Der „Verein der Oberhessen“ wurde vor mehr als 100 Jahren als Anlaufpunkt für Menschen aus Oberhessen gegründet, die auf der Suche nach Arbeit nach Frankfurt kamen und sich in der Stadt fremd fühlten. Obwohl diese Funktion heute nicht mehr nötig ist, pflegen die Mitglieder ein reges Vereinsleben, das durch regelmäßige Wanderungen und Ausflüge gestaltet wird. Wir haben mit dem Vereinsvorsitzenden über die Zukunft des Oberhessenclubs gesprochen.

Sie haben vor einem Jahr den Vereinsvorsitz übernommen. Was hat Sie dazu bewogen?
Mein Vorgänger ist nach Niedersachsen gezogen. Ich habe mich dann bereiterklärt den Vorsitz zu übernehmen, weil ich sehr an dem Verein hänge und wir einen Vorsitzenden brauchen, damit der Verein so bestehen bleiben kann. Große Veränderungen strebe ich nicht an.

Der Verein hat vergangenes Jahr sein 110-jähriges Bestehen gefeiert. Gibt es überhaupt noch Mitglieder, die Oberhessen sind?
Ich selbst bin gebürtiger Frankfurter, genau wie mein Vater über den ich den Verein kennengelernt habe. Wir hatten in den Jahren, seit ich im Verein bin, höchstens noch ein paar ältere Mitglieder, die ich selbst nicht persönlich kenne, die aus Oberhessen stammten. Die sind aber inzwischen alle verstorben. Heute gibt es kein Mitglied mehr mit diesem Hintergrund.
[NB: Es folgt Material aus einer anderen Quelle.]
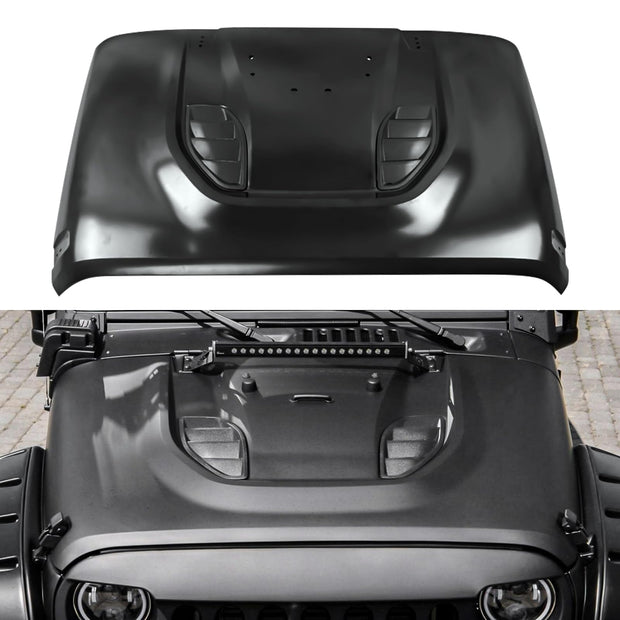 Vented Heat Dispersion Hood Compatible with Jeep Wrangler JK JKU 2007-2018, 10th Anniversary Edition - Jeep Metal Replacement Hood Accessory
Wird denn im Verein überhaupt noch oberhessisches Brauchtum gepflegt?
Alle zwei Jahre veranstalten wir ein sogenanntes Silvesterwürfeln. Der Organisator kauft Lebensmittel wie Sekt oder Schokolade ein. An Silvester sitzen mehrere Leute an einem Tisch, die um die Gegenstände würfeln. Es wird ein Preis auf den Tisch gestellt, zum Beispiel eben eine Flasche Sekt und jeder wirft anteilig das Geld für den Preis in eine Schale. Derjenige in der Runde, der den höchsten Pasch würfelt, darf den Gewinn dann behalten. Dieser Brauch ist aus Oberhessen in den Verein gekommen.

Die Zahl der Mitglieder ist mit rund 180 ja recht hoch. Kommt die jüngere Generation auch zu solchen Veranstaltungen und Wanderungen des Vereins?
Wir haben ein sehr hohes Durchschnittsalter. Wir haben wie andere Vereine auch ein Nachwuchsproblem. Ich höre zwar immer, dass jüngere Leute gerne wandern gehen, aber in einen Verein will niemand mehr. Wir freuen uns schon, wenn ein neues Mitglied mal nur 50 Jahre alt ist. Es dürfen auch Gäste mit uns wandern und zu unseren anderen Angeboten kommen, aber wir hoffen natürlich auf neue Mitglieder. Gezwungen einzutreten wird niemand und wir freuen uns über jeden, egal ob Gast oder Mitglied.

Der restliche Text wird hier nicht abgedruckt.